A missão dos Setenta (10.1-24)

Setenta discípulos, mencionados somente por Lucas, são enviados com uma comissão em termos bem semelhantes à dos Doze em 9.1-10 (v. comentário ad loc.). Eles retornam e relatam entusiasticamente o sucesso de sua missão; Jesus os adverte do perigo do orgulho tomando conta do seu coração. Segue o registro da oração do Filho ao Pai, quase joanina em sua linguagem.

v. 1. setenta e dois. A evidência dos manuscritos está dividida entre 70 e 72. O segundo número sugeriria seis de cada tribo, como os tradutores da Septuaginta. Por outro lado, havia tradicionalmente 70 nações (Gn 10), 70 anciãos foram apontados por Moisés (Nm 11.16,17), e havia 70 membros no Sinédrio. dois a dois'. A. R. G. Leaney (p. 176) sugere que isso pode ser uma ilustração do princípio da testemunha de Dt 19.15. 

v. 2,3. colheita é grande.... Duas breves analogias introduzem a recomendação de Jesus aos Setenta; a colheita rica e os cordeiros entre os lobos. Em Mateus, ambos estão associados ao envio dos Doze (9.37,38; 10.16).

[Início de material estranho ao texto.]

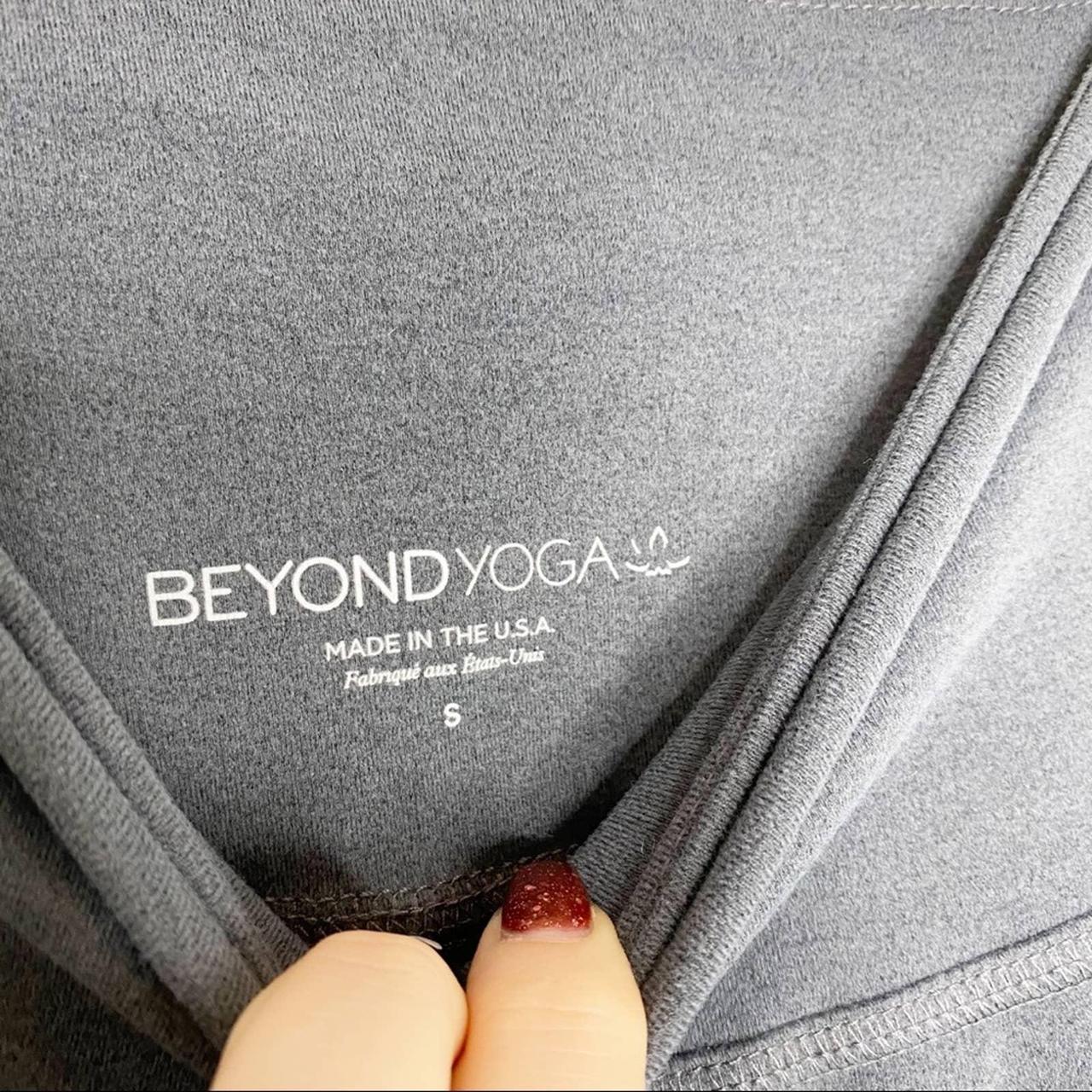 Beyond Yoga Gray High Waisted Leggings Small Super - Depop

v. 4-12. Instruções para a viagem. As ordens dadas a eles são semelhantes às que os Doze receberam (9.3ss; cf. Mc 6.8-11; Mt 10.9-14), com o acréscimo de (a) uma determinação para não saudarem ninguém no caminho (v. 4); como no caso de Geazi (2Rs 4.29), a tarefa deles é uma questão de vida ou morte, e não há tempo a perder em intercâmbios sociais; (b) uma denúncia contra as cidades da Galileia, Corazim, Betsaida e Cafarnaum, por sua surdez ao chamado de Deus para que se arrependessem. Corazim não é mencionada em nenhum outro lugar na Bíblia nem em Josefo, mas suas ruínas são visíveis aproximadamente a quatro quilômetros ao norte de Cafarnaum; a denúncia contra Cafamaum é colocada em termos semelhantes ao “cântico de escárnio” contra o rei da Babilónica em Is 14.13-15.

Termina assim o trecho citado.